The life of photography has been on going since 1827 and doesn't not appear to have an end point any time soon.
The First Photograph
Joseph Nicephore Niepce took the first photograph using the camera obscura. Before this the camera obscura was used merely for viewing and drawing purposes. This photograph took eight hours of sun exposer and would fade away shortly after.
Louis Daguerre and Joseph Nicephore Niepce joined forces in order to combine their techniques. This allowed a faster advancement do to the fact that they could now work simultaneously.
After years of experimentation and the death of partner Joesphe Niepce, Louis Daguerre developed the Daguerreotype. This allowed for a much shorter exposer time, as well as a long lasting photograph that wouldn't change with exposer.
Daguerrotype Popularity Boost
Daguerre along with Niepce's son sold the rights to the Daguerreotype to the french government. This allowed for an immense popularity boost for the Dagguerreotype, and soon studios began popping up all over the place.
Introduced by William Henry Talbot, the Calotype process was the first negative-positive process, which allowed for multiple copies.
First photograph Used in Advertisement
In Philadelphia, the first advertisement with a photograph was released. This greatly increased the popularity of photography.
Wet Plate Negatives
Developed by Frederick Scoff Archer, the wet plate negative allowed for the use of coated glass rather than paper in negatives. Coated glass gave a much more detailed negative.
Patented Hamilton Smith, the Tintype allowed the usage of iron, which was much cheaper than the traditional silver used with Daguerreotypes.
Dry Plate Negatives
This practice allowed the use of a dried gelatin emulsion coating which meant that photographers no longer needed to carry with them a portable darkroom (a flaw with the old wet plate negatives). This made expsoer nearly instantaneous, which meant that hand-held cameras were now possible.
Flexible Roll Film
Invented by George Eastman, the flexible roll film made negatives flexible and unbreakable. This also made the mass production of box cameras possible.

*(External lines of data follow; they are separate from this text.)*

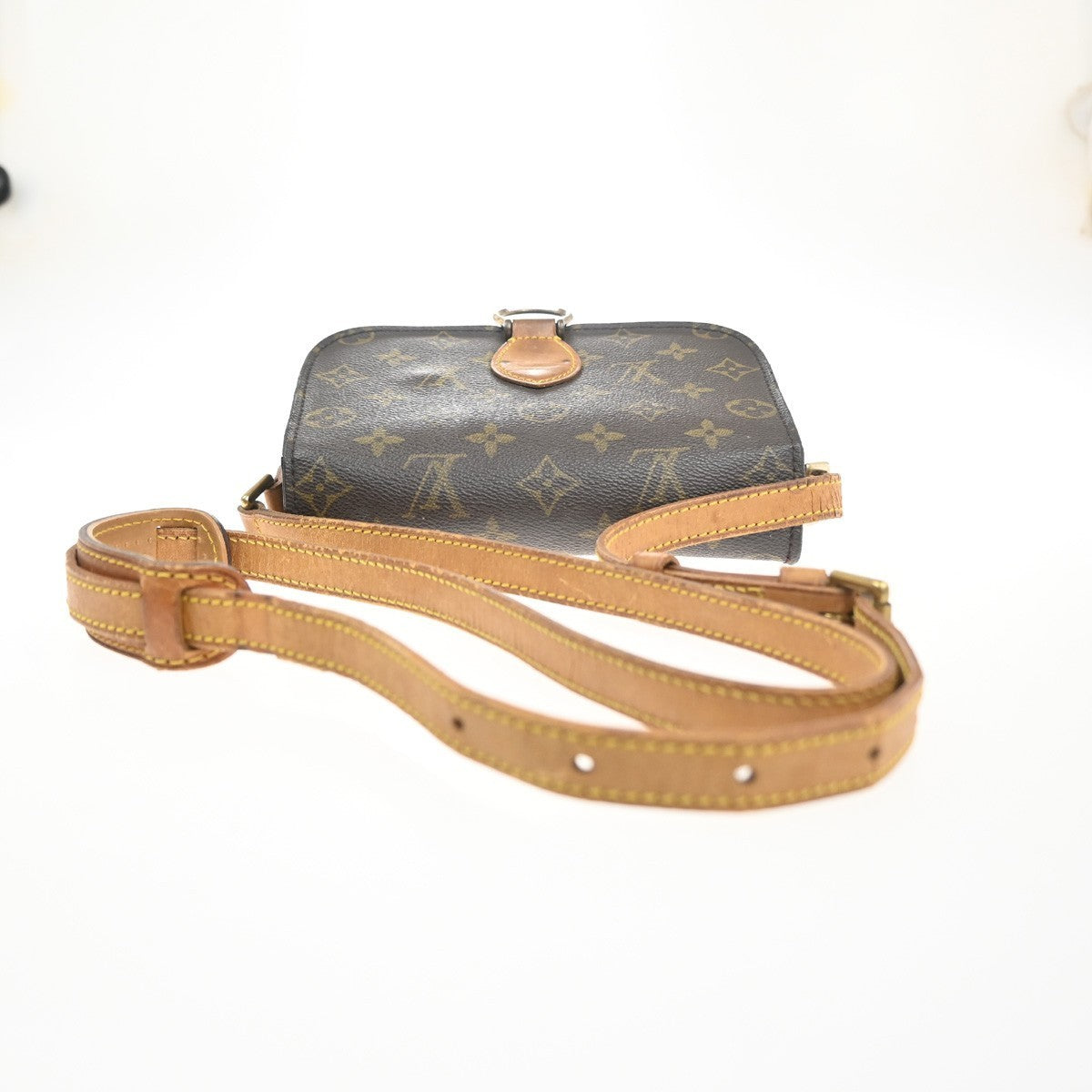 LOUIS VUITTON Saint Cloud MM Shoulder Bag Monogram Leather Brown M51243 34MA375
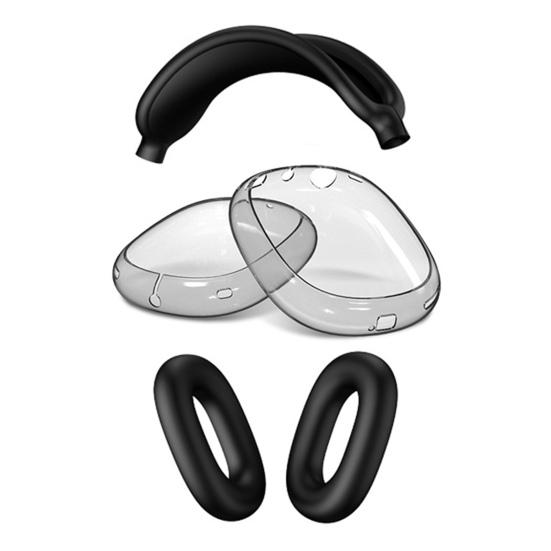 Чехол для наушников AirPods Max Полностью защитный чехол Мягкий силиконовый чехол Защита от царапин и пота Точные вырезы Защита амбушюр и оголовья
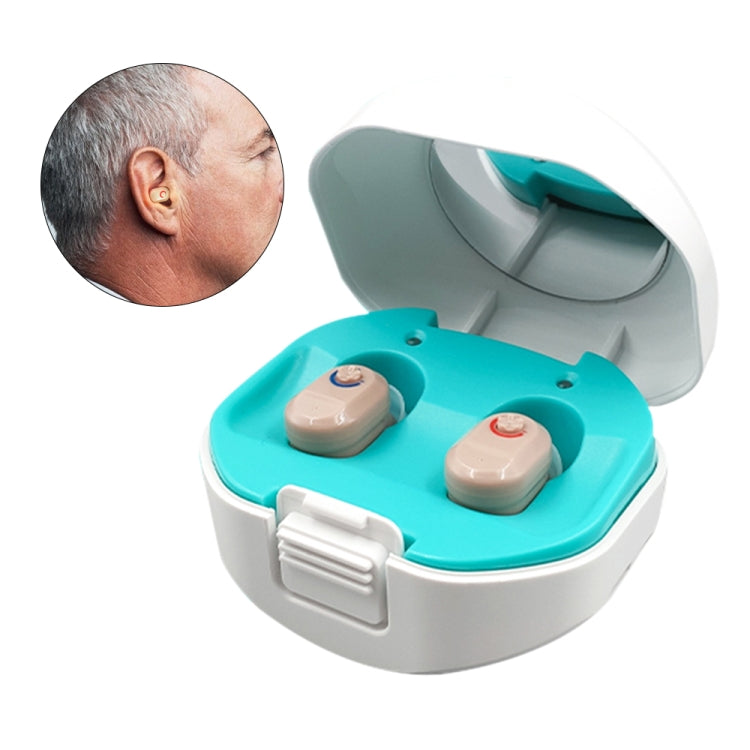 TWS On-Ear Sound Amplifier Hearing Aid with Charging Compartment(Skin Color) Eurekaonline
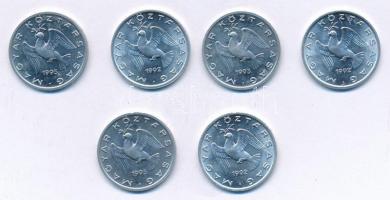 1992. 10f Al (3x) + 1993. 10f Al (3x) T:1,1- Adamo F3.3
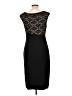 Connected Apparel Black Cocktail Dress Size 12 (estimated) - photo 2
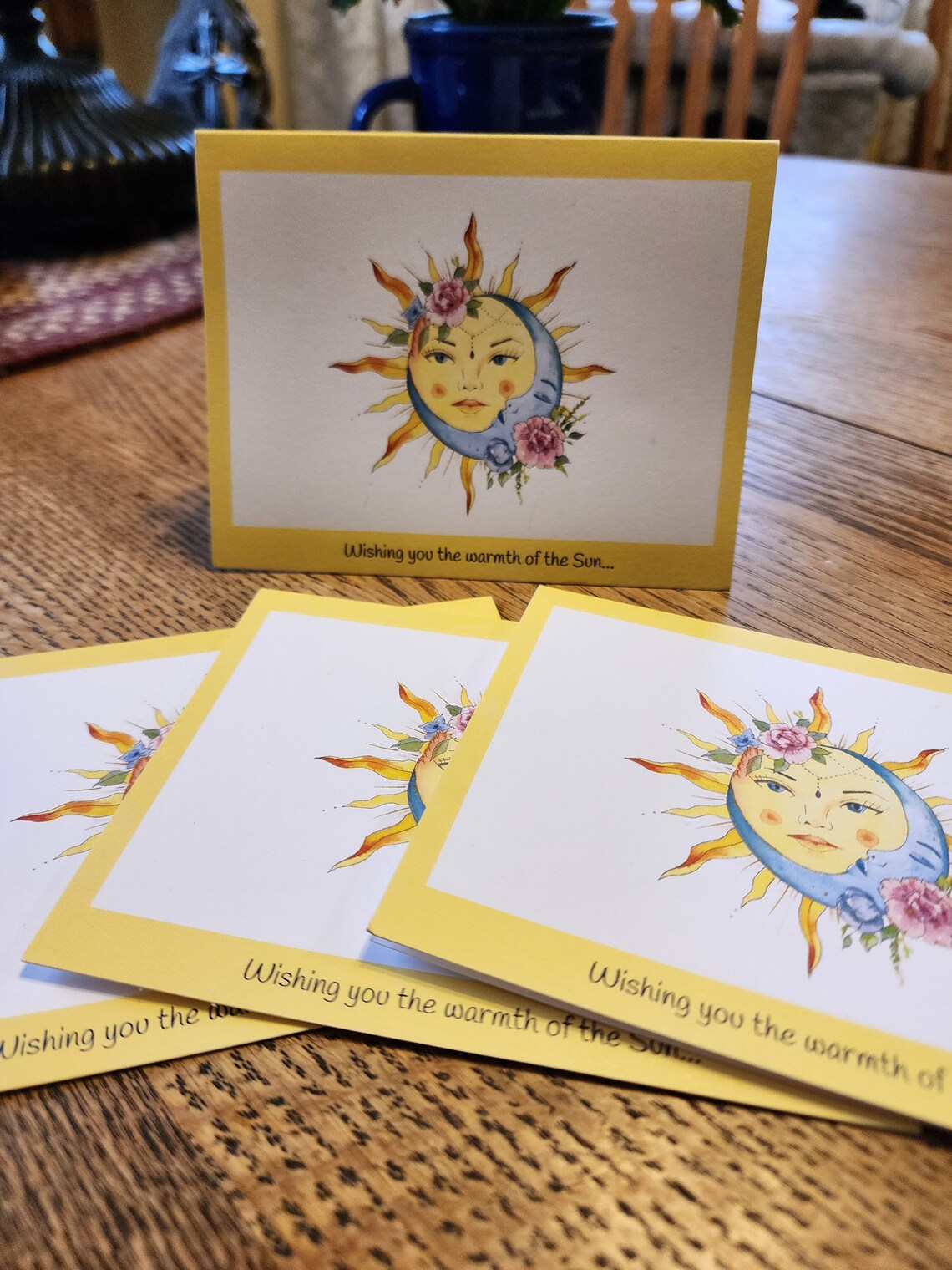 Sun and Moon Notecards Set of 8 - Etsy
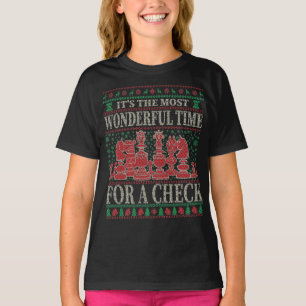 CHESS LOVER FUNNER CHRISTMAS QUOTES UGLY SWEATER T-SHIRT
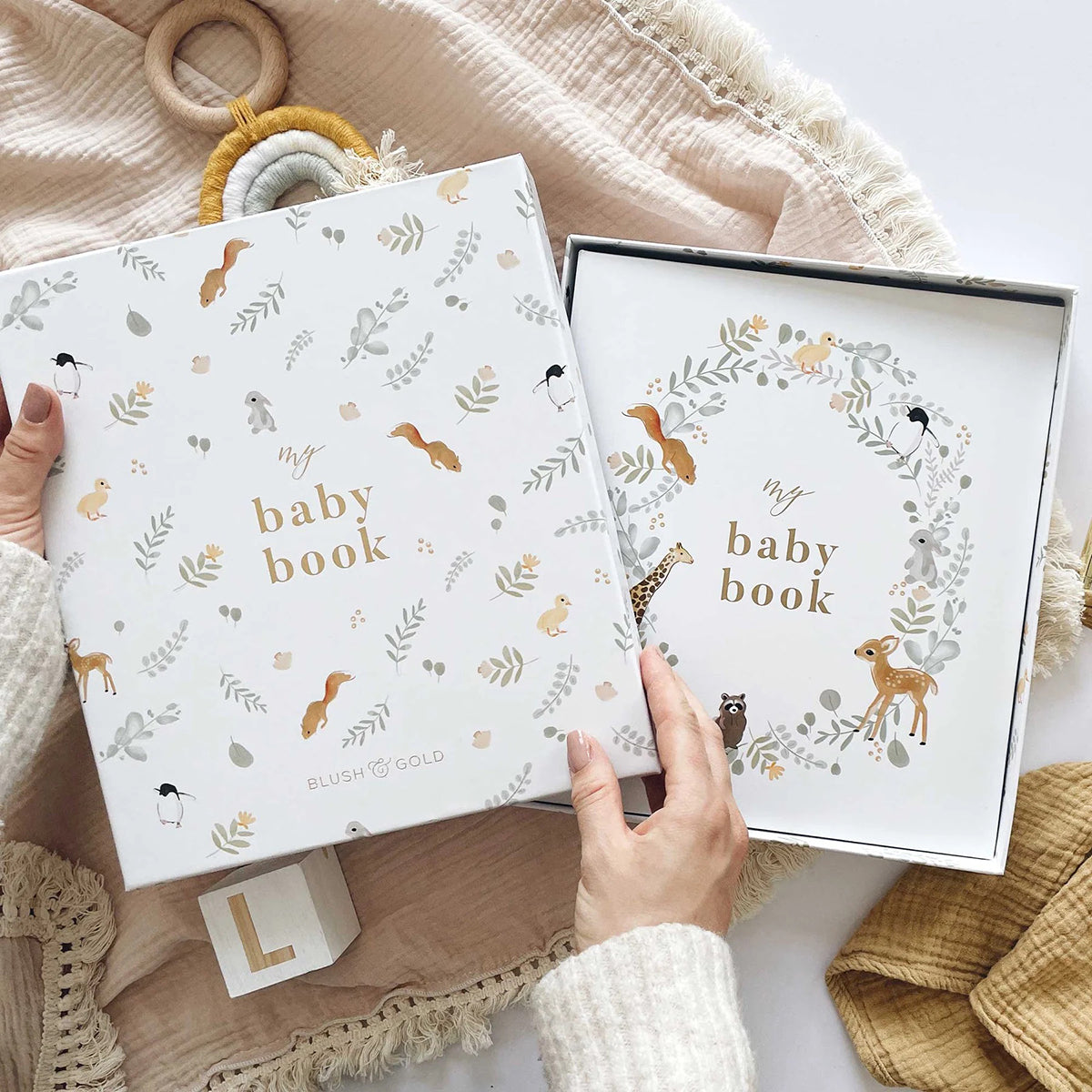 Blush and Gold My Baby Book - Baby Memory Book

Develpoed by Oskar Barnack, the usage of 35mm film negatives allowed for the picture to be enlarged after taking it, thus shrinking camera size.
Ray Man developes the method of placing objects on photographic paper and exposing the shadow of far off lightbulbs.
Harold "Doc" Edgerton developes strobe photography, which allows for a kind of moving photograph.
Manufactured by Eastman kodak in 1935, Kodachrome was the first mass-produced color film. This not only allowed color pictures, but allowed mass-production by other companies as well.
Invented by Edwin Herbert Land, the Polaroid camera allowed pictures to be developed immediatley. This greatley reduced waiting times, and allowed photographers to sell their photographs more efficiently.
The Sutton camera allowed panoramic pictures to be taken.
Developed by Canon, the digital camera negative the need to have photographs developed before viewing. This also allowed photographers to delete unwanted photographs.
Introduced by fuji, the disposable or "single-use" camera gave people the abiblity to take photographs without worying about the camera. This also gave the public the ability to purchase cameras for a much lesser cost.
Kodak releases world first megapixel sensor, allowing for higher quality pictures.
Sharp introduces the first camera phone called the J-Phone. This would open up a whole new idea of photography.
120 Megapixel CMOS Sensor
Canon develops the worls first 120 megapixel sensor. Although it wil not be officially released until 2030, it will allow for the highest quality pixels ever seen.
Sony Releases a 17.7 megapixel sensor for cellular devices. This allows for camera quality pictures in cell phones.